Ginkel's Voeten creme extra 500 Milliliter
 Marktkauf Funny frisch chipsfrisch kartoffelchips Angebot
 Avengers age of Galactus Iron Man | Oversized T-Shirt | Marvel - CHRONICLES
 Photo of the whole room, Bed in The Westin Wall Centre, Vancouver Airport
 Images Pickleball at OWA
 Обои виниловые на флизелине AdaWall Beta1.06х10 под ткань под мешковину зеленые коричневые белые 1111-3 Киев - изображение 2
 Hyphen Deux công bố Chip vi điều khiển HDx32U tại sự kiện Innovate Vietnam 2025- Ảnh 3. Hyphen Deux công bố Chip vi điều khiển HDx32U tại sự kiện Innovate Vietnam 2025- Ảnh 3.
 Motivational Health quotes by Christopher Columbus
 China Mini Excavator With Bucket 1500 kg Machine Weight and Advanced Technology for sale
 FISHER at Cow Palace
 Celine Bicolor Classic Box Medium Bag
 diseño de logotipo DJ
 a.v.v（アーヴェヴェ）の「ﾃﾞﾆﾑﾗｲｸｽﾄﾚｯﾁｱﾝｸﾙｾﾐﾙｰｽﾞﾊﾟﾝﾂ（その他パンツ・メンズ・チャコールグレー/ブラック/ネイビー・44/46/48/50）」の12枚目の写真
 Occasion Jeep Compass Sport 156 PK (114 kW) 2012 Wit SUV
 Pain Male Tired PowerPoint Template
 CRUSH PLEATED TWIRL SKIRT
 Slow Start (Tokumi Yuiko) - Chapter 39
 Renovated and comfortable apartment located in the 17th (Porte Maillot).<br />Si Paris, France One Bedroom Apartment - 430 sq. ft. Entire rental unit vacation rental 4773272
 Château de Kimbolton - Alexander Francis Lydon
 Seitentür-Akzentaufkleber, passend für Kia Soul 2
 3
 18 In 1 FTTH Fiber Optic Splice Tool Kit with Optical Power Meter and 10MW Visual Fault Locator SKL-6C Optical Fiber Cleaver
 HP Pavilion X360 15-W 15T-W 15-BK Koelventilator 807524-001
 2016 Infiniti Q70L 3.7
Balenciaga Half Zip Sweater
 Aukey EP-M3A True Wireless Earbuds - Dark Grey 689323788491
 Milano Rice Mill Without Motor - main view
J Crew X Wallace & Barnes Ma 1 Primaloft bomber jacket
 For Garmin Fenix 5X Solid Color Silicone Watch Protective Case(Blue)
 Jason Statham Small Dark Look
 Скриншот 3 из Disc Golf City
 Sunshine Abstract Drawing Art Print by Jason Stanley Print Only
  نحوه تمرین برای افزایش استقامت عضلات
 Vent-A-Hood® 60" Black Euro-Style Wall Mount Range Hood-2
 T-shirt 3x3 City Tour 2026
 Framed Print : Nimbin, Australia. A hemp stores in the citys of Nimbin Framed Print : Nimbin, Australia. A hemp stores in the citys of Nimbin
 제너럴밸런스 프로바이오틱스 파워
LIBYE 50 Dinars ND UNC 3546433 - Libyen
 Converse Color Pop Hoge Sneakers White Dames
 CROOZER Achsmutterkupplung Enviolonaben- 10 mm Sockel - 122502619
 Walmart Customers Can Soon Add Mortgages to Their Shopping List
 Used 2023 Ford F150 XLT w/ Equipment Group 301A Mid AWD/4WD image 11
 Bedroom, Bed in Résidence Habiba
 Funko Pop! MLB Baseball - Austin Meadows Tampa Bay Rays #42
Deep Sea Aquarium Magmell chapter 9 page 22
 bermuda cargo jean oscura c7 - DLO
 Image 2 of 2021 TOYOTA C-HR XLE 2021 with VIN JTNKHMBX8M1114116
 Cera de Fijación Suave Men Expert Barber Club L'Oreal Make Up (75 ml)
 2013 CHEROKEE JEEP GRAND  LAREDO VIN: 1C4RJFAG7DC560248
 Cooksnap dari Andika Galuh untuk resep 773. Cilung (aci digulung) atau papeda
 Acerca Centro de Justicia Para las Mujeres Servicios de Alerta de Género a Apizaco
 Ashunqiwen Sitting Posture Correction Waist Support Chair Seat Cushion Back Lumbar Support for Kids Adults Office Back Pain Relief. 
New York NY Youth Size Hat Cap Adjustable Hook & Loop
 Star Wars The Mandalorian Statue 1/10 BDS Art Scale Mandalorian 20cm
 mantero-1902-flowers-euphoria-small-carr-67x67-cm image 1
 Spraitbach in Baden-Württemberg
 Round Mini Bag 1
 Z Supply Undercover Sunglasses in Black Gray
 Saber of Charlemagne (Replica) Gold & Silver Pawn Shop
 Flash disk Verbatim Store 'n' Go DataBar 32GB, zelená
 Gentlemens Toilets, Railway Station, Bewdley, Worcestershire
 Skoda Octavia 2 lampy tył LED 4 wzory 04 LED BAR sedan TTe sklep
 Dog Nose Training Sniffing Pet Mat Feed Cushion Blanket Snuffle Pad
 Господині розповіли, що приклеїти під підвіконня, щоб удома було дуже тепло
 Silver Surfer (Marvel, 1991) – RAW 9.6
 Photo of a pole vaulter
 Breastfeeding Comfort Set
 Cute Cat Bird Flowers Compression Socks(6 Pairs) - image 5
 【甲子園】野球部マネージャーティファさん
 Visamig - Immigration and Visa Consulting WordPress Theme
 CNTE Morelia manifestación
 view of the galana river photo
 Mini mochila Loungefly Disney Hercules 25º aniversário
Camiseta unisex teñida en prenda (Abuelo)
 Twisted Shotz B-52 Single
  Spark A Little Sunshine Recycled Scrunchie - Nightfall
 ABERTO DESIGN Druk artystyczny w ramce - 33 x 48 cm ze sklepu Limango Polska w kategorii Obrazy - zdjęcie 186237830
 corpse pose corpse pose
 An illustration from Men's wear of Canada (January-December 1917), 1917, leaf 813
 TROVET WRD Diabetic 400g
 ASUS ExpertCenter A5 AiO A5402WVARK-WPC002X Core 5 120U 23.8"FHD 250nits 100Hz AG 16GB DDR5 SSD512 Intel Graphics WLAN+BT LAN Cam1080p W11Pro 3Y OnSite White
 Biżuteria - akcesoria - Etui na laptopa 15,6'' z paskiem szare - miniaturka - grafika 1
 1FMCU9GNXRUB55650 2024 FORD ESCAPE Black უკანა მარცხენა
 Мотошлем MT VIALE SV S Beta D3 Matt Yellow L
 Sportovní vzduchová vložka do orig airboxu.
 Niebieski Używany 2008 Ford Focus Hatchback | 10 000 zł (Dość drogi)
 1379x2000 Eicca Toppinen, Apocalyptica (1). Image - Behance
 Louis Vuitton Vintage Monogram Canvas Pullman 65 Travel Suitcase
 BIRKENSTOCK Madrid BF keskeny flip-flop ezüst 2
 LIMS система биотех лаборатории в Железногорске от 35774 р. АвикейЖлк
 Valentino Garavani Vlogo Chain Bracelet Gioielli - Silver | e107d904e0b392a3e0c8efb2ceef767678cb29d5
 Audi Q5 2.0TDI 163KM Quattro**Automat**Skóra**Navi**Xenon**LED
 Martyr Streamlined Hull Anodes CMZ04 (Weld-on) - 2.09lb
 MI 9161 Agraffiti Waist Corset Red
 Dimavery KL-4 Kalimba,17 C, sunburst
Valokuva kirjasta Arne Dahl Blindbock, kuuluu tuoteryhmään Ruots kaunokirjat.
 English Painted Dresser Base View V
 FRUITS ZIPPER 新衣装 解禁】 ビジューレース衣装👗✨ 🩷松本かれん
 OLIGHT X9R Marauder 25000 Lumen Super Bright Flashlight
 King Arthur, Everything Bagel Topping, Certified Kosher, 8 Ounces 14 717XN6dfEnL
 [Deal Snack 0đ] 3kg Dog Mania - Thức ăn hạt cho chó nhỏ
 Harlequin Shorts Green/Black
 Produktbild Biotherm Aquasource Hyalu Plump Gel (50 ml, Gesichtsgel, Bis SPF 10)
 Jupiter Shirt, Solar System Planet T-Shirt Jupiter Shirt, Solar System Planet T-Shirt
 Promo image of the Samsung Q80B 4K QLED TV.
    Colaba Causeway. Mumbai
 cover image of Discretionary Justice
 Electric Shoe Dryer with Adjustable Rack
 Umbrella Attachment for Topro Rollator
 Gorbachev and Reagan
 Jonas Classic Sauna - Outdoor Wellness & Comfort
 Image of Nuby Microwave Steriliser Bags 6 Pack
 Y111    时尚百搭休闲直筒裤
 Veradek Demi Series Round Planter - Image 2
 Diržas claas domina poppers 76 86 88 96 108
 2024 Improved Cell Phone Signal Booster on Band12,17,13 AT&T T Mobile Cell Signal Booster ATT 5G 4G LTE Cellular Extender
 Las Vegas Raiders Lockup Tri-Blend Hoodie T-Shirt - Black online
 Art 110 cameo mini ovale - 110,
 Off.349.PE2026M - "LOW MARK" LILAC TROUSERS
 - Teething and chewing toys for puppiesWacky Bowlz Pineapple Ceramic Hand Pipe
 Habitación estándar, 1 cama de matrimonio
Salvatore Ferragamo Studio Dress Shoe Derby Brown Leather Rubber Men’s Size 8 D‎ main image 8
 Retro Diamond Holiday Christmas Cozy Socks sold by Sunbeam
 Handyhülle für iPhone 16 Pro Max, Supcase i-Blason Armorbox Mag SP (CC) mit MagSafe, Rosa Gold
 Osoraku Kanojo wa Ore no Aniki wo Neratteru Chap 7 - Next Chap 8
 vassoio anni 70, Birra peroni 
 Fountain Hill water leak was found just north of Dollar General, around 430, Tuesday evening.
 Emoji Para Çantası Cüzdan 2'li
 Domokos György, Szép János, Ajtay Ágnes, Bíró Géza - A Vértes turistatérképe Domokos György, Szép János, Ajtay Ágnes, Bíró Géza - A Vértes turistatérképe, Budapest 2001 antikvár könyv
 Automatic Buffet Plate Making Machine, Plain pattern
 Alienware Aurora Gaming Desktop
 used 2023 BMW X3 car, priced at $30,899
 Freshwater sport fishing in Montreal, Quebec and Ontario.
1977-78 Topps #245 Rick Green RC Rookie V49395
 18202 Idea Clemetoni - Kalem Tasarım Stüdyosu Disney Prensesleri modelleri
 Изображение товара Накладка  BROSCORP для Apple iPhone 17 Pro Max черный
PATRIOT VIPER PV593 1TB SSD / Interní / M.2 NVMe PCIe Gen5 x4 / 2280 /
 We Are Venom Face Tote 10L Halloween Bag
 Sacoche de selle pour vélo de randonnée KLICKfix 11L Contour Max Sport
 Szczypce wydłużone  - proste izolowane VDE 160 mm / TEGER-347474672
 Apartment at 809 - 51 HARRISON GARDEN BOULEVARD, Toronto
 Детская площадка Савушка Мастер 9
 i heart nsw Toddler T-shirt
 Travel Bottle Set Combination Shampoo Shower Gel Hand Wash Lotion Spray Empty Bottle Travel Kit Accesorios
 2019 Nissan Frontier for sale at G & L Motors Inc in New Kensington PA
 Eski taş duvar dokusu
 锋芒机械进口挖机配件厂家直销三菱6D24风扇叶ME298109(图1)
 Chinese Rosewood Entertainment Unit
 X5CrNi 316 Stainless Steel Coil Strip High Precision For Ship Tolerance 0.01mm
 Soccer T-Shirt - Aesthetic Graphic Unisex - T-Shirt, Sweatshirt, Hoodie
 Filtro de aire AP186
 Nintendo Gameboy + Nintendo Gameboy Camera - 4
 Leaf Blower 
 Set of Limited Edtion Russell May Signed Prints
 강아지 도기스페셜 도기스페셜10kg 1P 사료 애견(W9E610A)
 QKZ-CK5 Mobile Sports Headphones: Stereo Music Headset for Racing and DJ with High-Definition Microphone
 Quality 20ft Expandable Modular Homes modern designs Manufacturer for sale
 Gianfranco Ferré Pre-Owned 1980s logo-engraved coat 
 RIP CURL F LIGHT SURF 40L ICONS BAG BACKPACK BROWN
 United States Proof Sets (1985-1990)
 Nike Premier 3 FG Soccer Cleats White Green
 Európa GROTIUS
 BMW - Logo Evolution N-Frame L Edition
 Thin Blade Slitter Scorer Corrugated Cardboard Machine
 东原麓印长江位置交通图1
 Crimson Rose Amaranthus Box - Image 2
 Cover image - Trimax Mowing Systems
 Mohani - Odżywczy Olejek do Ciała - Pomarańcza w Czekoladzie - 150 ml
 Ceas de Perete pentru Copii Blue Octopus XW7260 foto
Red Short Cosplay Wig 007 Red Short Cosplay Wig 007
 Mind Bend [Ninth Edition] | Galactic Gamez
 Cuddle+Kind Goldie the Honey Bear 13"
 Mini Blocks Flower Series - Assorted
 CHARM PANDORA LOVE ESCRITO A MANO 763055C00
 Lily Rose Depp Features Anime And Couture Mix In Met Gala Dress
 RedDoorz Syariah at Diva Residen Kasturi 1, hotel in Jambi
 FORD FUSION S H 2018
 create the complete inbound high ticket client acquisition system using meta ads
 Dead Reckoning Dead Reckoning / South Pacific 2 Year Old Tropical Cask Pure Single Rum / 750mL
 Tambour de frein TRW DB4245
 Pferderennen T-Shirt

- [Work task] Set down the line holding "FORD FUSION S H 2018" and all later lines through the last one in the material above, exactly, and no other lines.

- [Output for this task]
 FORD FUSION S H 2018
 create the complete inbound high ticket client acquisition system using meta ads
 Dead Reckoning Dead Reckoning / South Pacific 2 Year Old Tropical Cask Pure Single Rum / 750mL
 Tambour de frein TRW DB4245
 Pferderennen T-Shirt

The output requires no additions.